I did cycle out some more ATF via the trans cooler line - 8 quarts total (2 Maxlife ATF + 6 Valvoline Dex6/Mercon LV blue bottle). Same problem persists. Fluid is clean and pink and at the correct level.

Any recommendations on what could be causing this issue? CEL light isn’t illuminated on the dash.
2-3 shift is the band releasing and the fluid filling the back side of the piston bore as an accumulator. There is a wear point in this trans in the case where the piston pin goes through a precision bore in the aluminum case. This should have been designed with a bushing here but the AL case wears out and leaks the accumulator fluid past here as this is the same piston that controls the the 2-3 clutch engagement timing. It ends up drawing out the clutch engagement that wears out the clutches.
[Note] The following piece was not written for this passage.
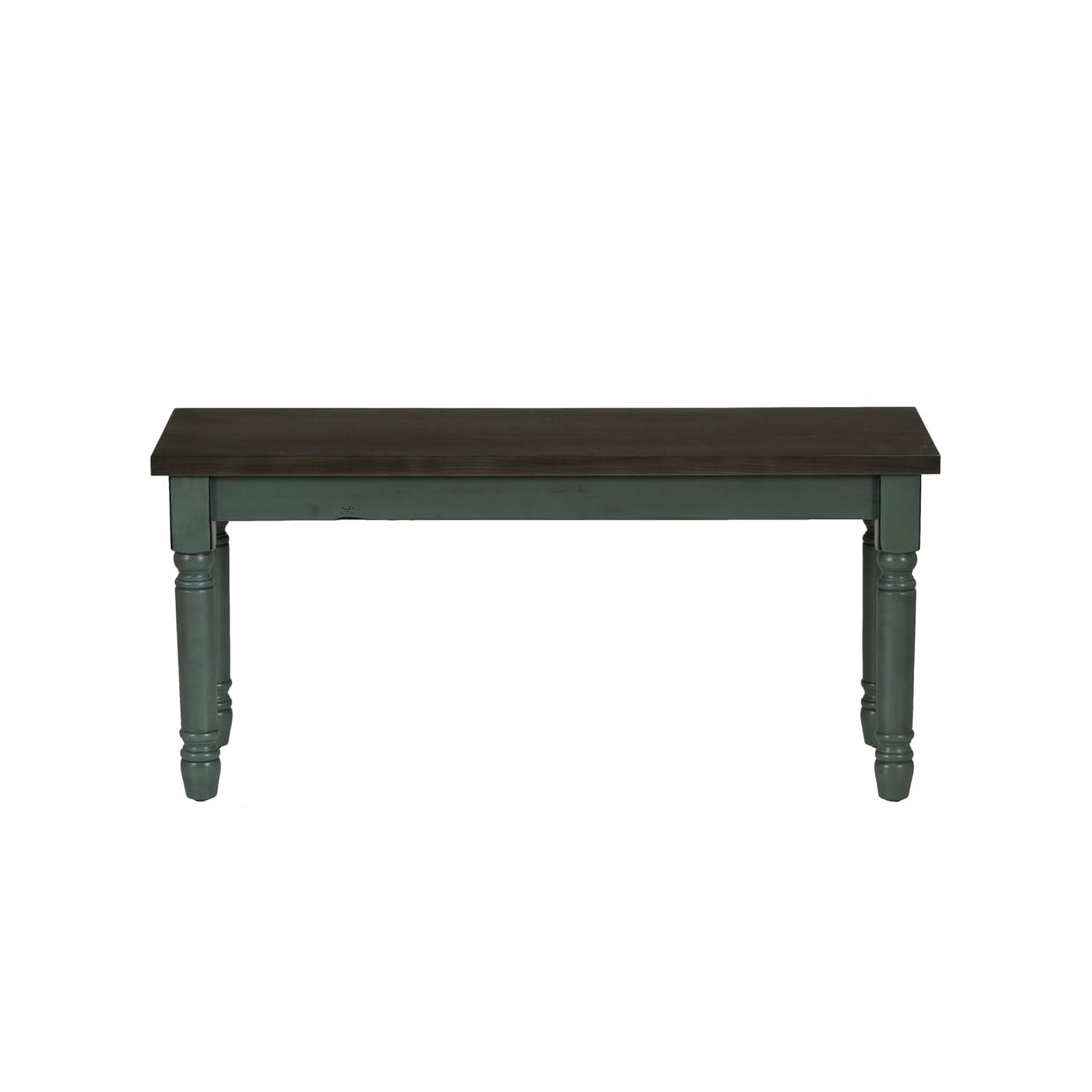 Laurel Foundry Modern Farmhouse® Ivor 40" Two Tone Solid Wood Farmhouse Dining Bench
There is a $75 kit that you can buy that allows you to pull pan and side cover, drill out this bore, ream it and hammer in a precision bushing that stops this leaking and the clutches/steels can be replaced by pulling the end cover off the trans and replacing the frictions and the 2 oil seal rings in the cover itself. It can be done with trans in car up on jackstands. End cover is held on by T-40 torx (or hex bolts if your lucky) and is very close to frame so you may need to unbolt motor mount under battery to get trans down about and inch to access the fasteners.